I wanted to use TFRecords for my dataset since TPUs have extremely high throughput and TFRecords are the recommended way (as opposed to an image folder, webdataset, etc.) to prevent a data bottleneck. I've worked with Tensorflow's TFRecordDataset in the past so I thought that it would work, but it just caused my training loop to hang. It might have something to mixing TF and PyTorch, but I knew that I wouldn't be able to come up with a fix for this problem myself, so I looked for other ways to load TFRecords in PyTorch. I tried looking into Torch XLA [20] to see if it had the solution, but it just didn't work for me. After some more looking, I found [21] which offered what I needed (this is unrelated, but the library has sixty closed issues and no open issues! I respect that so much.). No more hanging! I realized later that the dataset was returning the same batches across each of eight TPU workers, but that was easily fixed by initializing the dataset in each of the TPU workers with different sections of the dataset.

Einops sometimes doesn't work

Einops is a cool library to make tensor rearrangements and reductions simpler, and I tried using it, but it caused some errors during compilations. So I just used PyTorch's permute, reshape, and contiguous operators to do what Einops was supposed to do.
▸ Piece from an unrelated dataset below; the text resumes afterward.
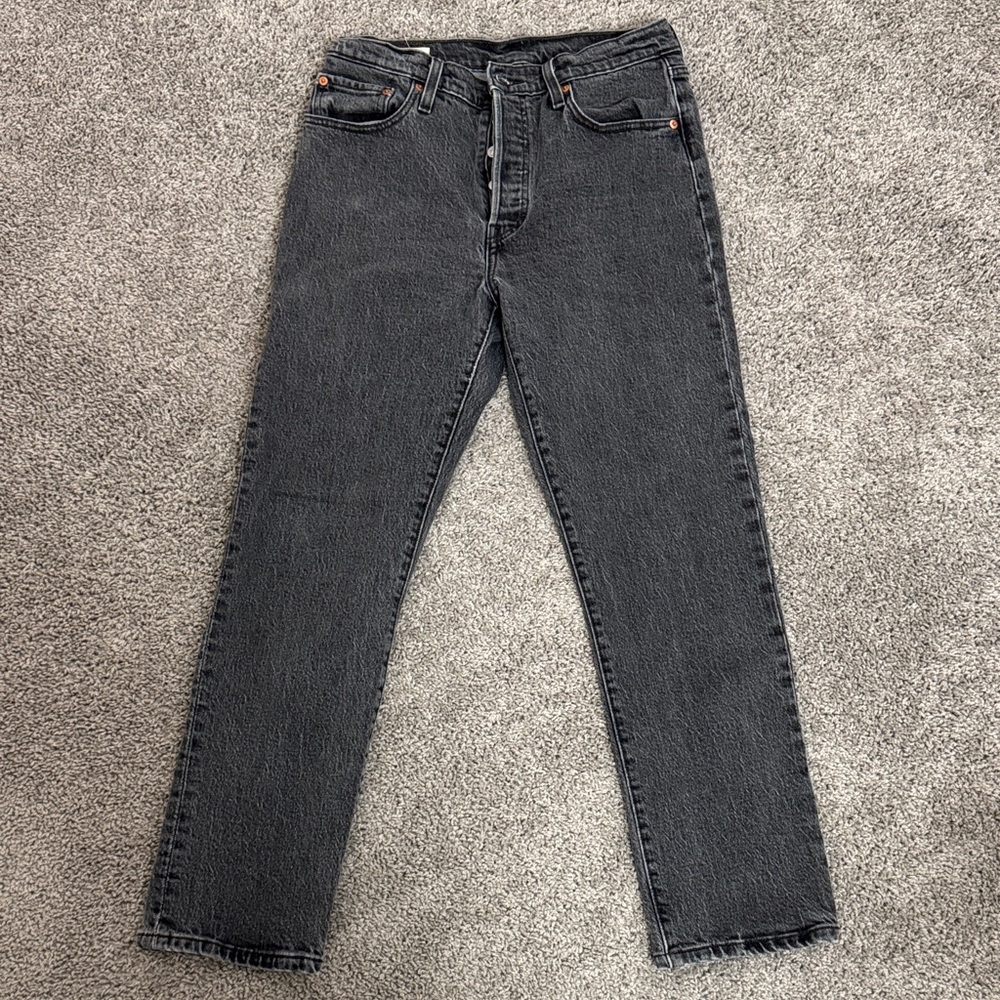 Levi 501 jeans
Setting scale_factor argument when upsampling images slows training

When I first got VAE training to work on TPU, I first noticed that step times were extremely slow after the first few steps which indicates that something was wrong in my training. The PyTorch XLA docs have some good resources [22] to find out where to find the causes of any slowdowns using PyTorch metrics, and when I tried running metrics on my slow code, I noticed many calls to the CPU op for upsampling. Digging through Github for a solution to this problem, I found [23] which solved the problem for me. All I had to do was change my upsampling code as shown below:


def forward(self, x):
    # BEFORE
    #return self.conv(F.interpolate(x, scale_factor=2.0, mode='nearest'))

    # AFTER
    _B, _C, H, W = x.shape
    return self.conv(F.interpolate(x, size=(H*2, W*2), mode='nearest'))

After that, there were no ops that ran on the CPU during training, which made training run at a reasonable speed.

Not logging loss with loss.item() causes OOMs

I don't know why my solution worked. But I knew that TPU training would be fine for a couple of epochs, then run out of memory, and then when I set loss.item() when logging metrics to W&B, the problem went away.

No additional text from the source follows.